◆ Exercise aim ◆
Write out the data word for word and omit every picture.

──────── Provided data ────────

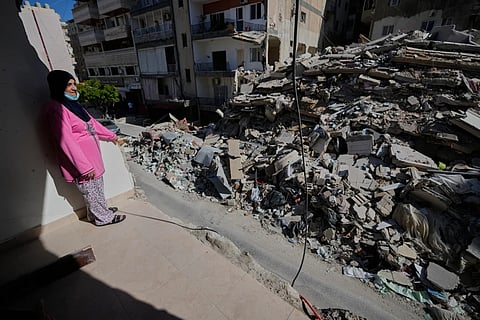 Em Ali Khodor, 75, looks through her damaged apartment hit a few weeks ago by an Israeli airstrike in Tyre, Lebanon.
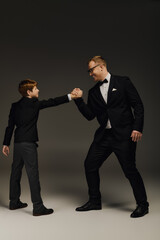 Father and son share a confident moment in elegant tuxedos at a studio setting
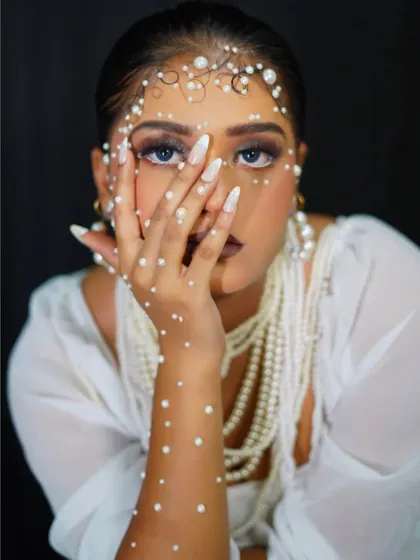 A high-fashion editorial look, with the model's face partially obscured to draw attention to the pearl details.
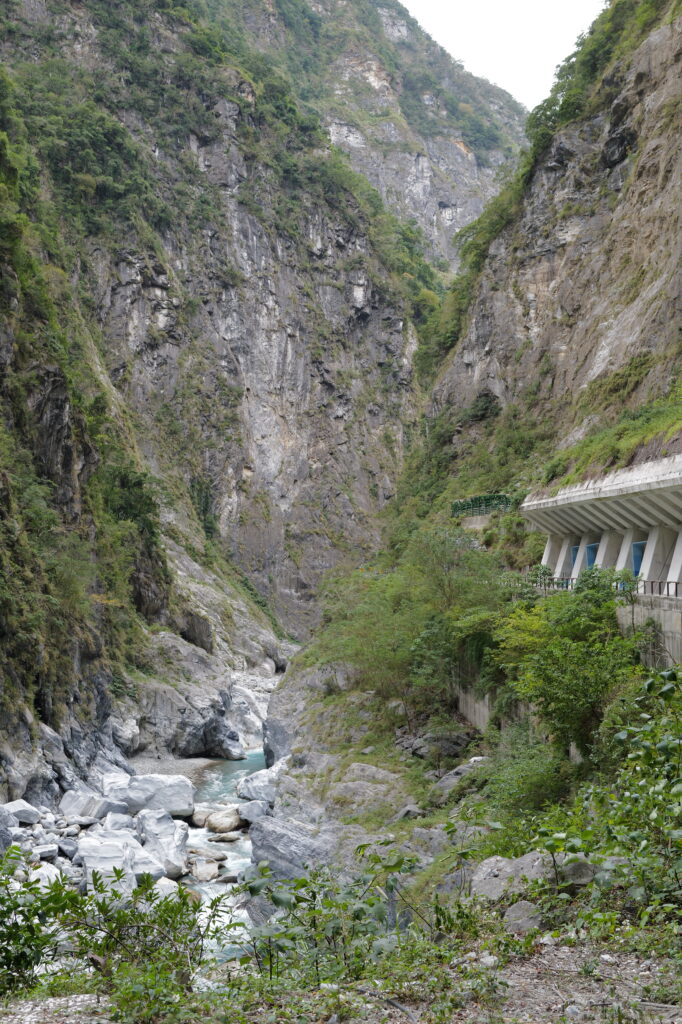 Taroko National Park in January 2024. A lush green valley with a concrete walkway in the side of the mountain.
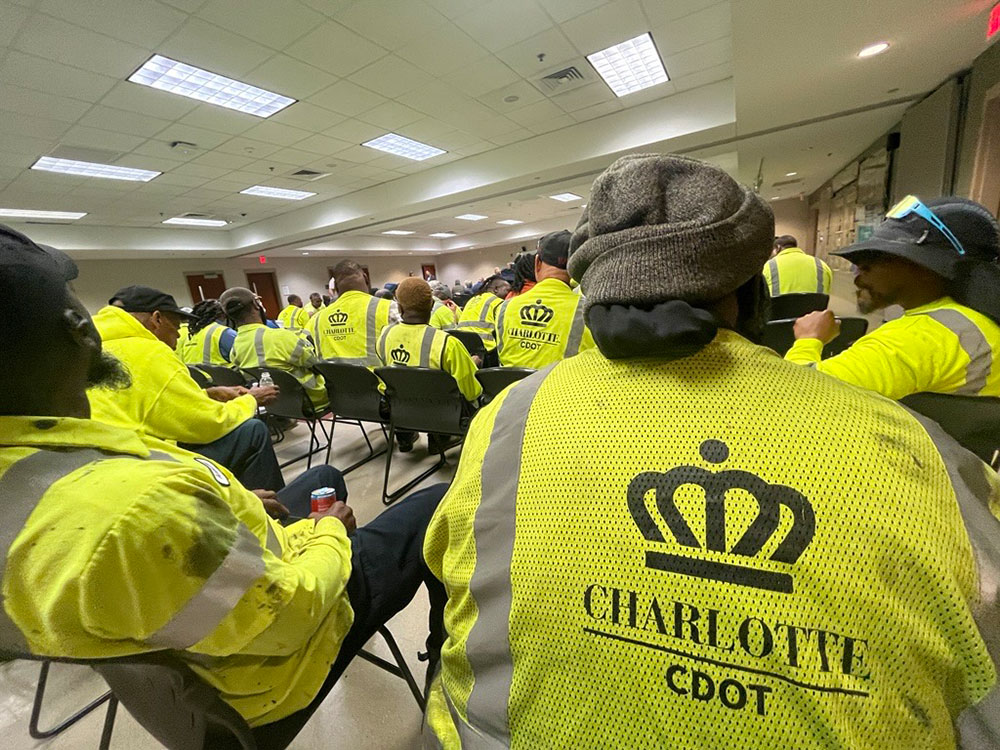 Charlotte DOT employees in bright yellow safety vests with "Charlotte CDOT" logos sit in rows during an indoor meeting.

────────

◆ Response below ◆
 Em Ali Khodor, 75, looks through her damaged apartment hit a few weeks ago by an Israeli airstrike in Tyre, Lebanon.
 Father and son share a confident moment in elegant tuxedos at a studio setting
 A high-fashion editorial look, with the model's face partially obscured to draw attention to the pearl details.
 Taroko National Park in January 2024. A lush green valley with a concrete walkway in the side of the mountain.
 Charlotte DOT employees in bright yellow safety vests with "Charlotte CDOT" logos sit in rows during an indoor meeting.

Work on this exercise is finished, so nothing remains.